• [Supplied material]:

-*-*-

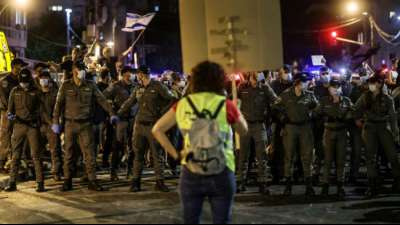 Ungeachtet strikter Corona-Regeln erneut Proteste gegen Netanjahu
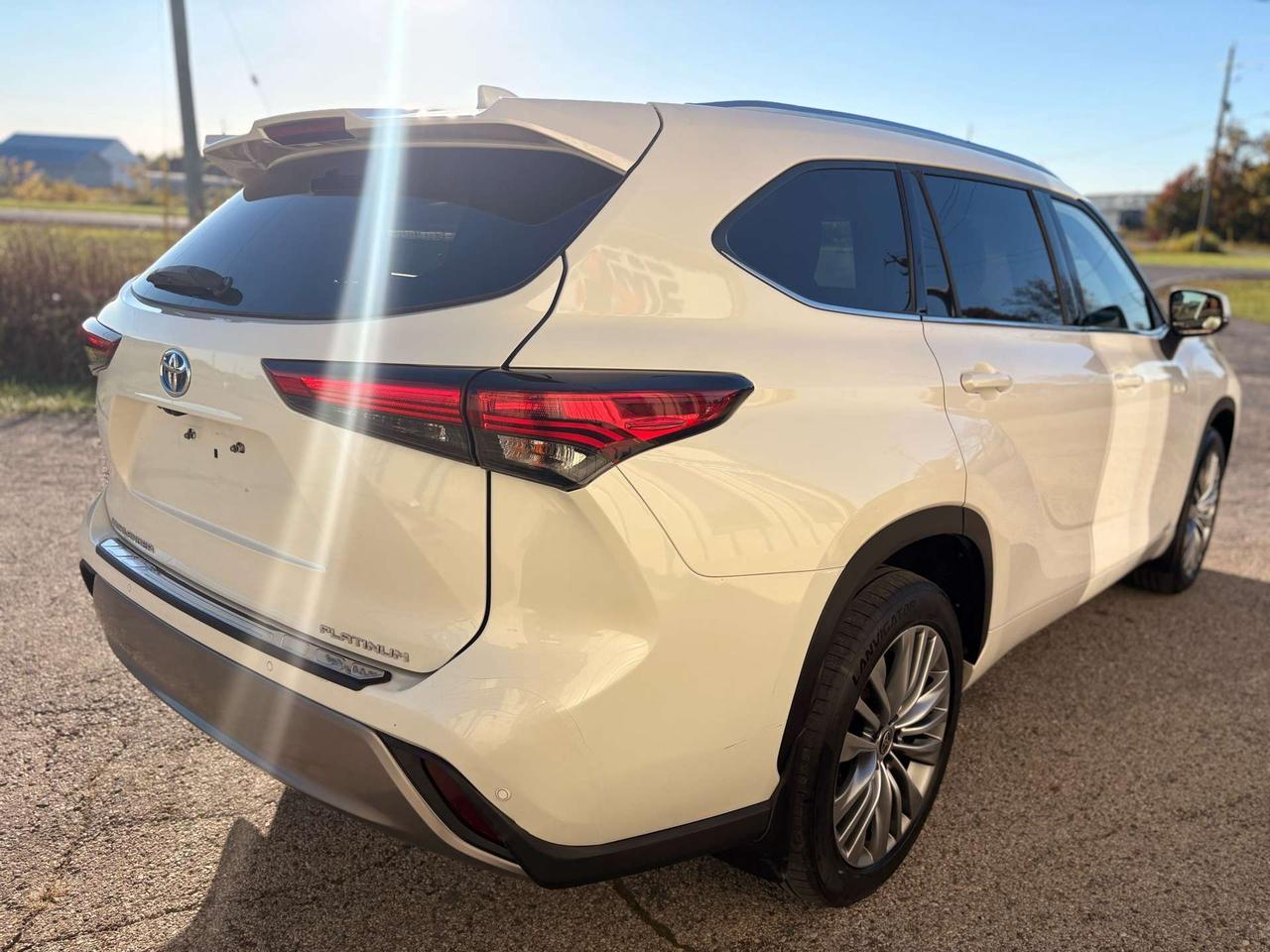 2021 Toyota Highlander Hybrid Limited Photo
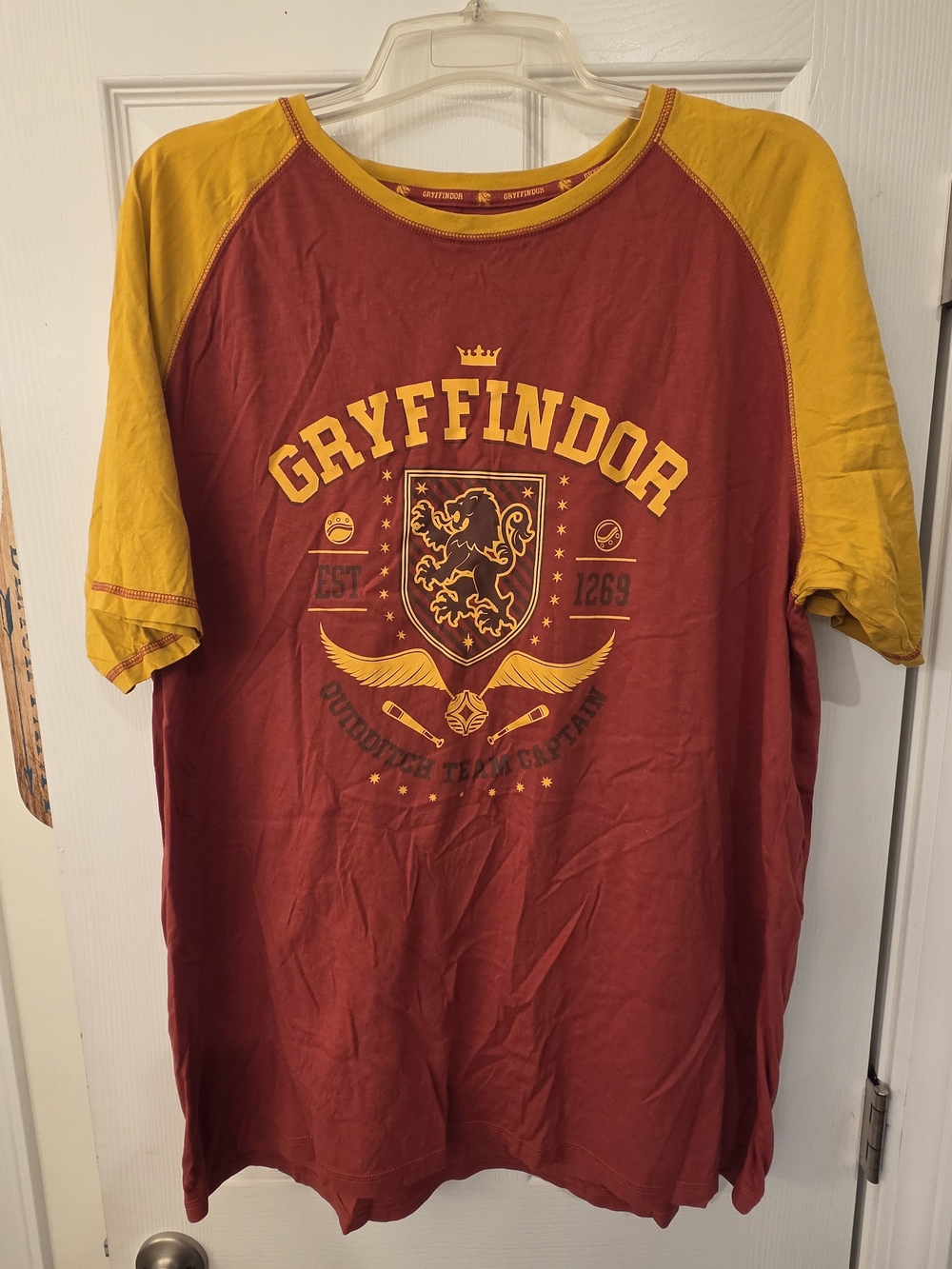 Harry Potter Gryffindor Quidditch Tshirt 2x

-*-*-

• [What this task involves]: Restate the listing word for word. Pictures do not belong in the copy.

• [Exercise solution]:
 Ungeachtet strikter Corona-Regeln erneut Proteste gegen Netanjahu
 2021 Toyota Highlander Hybrid Limited Photo
 Harry Potter Gryffindor Quidditch Tshirt 2x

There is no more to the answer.